これから子供たちには何を教えればいいのか。哲学者の内田樹氏は、「それは英語やプログラミングではない。ゲームもスマホもマンガも取り上げて、『何もない場所』に放り出すのがいい。そうすれば自然と『芽』が出てくる。芽が出る先にすでに『何か』があったら、本当の意味での『創造』は起きません」という——。

※本稿は、雑誌『プレジデントFamily2019秋号』(プレジデント社)の記事の一部を再編集したものです。

現代の子供はどんな状況で育てられているのか

今の日本は形式的には民主主義社会ですけれど、実際には、それを適切に運用するノウハウをもう市民たちは有していない。教わったことがないからです。だから、今の日本の家庭は民主的でもないし、家父長制でもない。まことに中途半端なものになっています。

なぜそうなってしまったのか。

戦前の家父長制下では、たとえ中身がすかすかでも、家長は黙ってそこにいて、定型的に家父長的なことを言っていれば、それなりの威厳があった。ところが、民主的な家庭では、父親は正味の人間的な力によって家族を取りまとめ、その敬意を集めなければならない。

内田樹さん(『プレジデントFamily2019秋号』より)撮影=森本 真哉

でも、手持ちの人間的実力だけで勝負できるような父親はほとんど存在しなかった。家父長制の「よろい」を剥ぎ取られて、き出しになった日本の父親はあまりに非力だったのです。

同じことは学校でも起きました。上に立って威張っていた男たちの「正味の人間的実力」を測ったら、さほど実力がないということが露呈してしまった。それが60年代末からの全国学園紛争です。学生たちから「あなたたちは教壇で偉そうに説教を垂れているけれど、個人としてどれほどの人間なのか? 平場で勝負しようじゃないか」と言われた大学教師のほとんどが腰砕けになってしまった。象牙の塔の権威がそれで崩れたのです。

家庭でも学校でも、組織をとりまとめる仕組みそのものが瓦解がかいしてしまった。だから、その反動で権威主義的なものを求める人々が現れることには歴史的必然があったのです。

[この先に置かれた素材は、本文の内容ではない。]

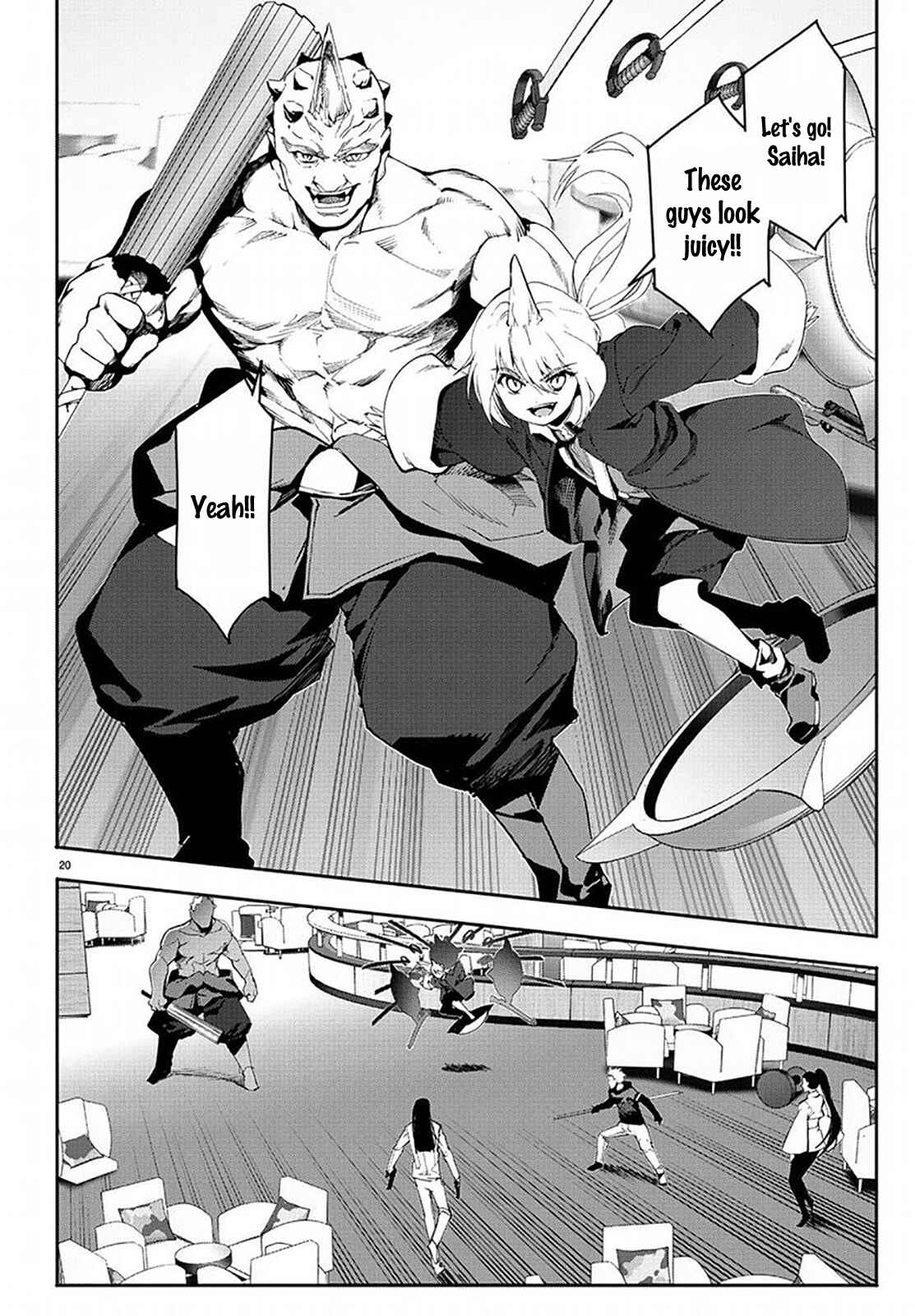 Page 20 Chapter 68 Darwins Game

民主化を抑制するもう一つの力は思いがけないところから登場しました。日本社会全体の「株式会社化」です。僕が生まれた50年、日本の農業従事者は人口の49%でした。だから、久しく組織運営は村落共同体をモデルに行われていた。長い時間をかけてゆっくり満場一致に至るまで議論を練り、一度決めたことには全員が従い、全員が責任を負う。

でも、株式会社ではCEOに全権を委ね、その経営判断が上意下達される。経営者のアジェンダに同意する人間が重用され、反対する人間は排除される。経営判断の適否を判断するのは従業員ではなく、マーケットです。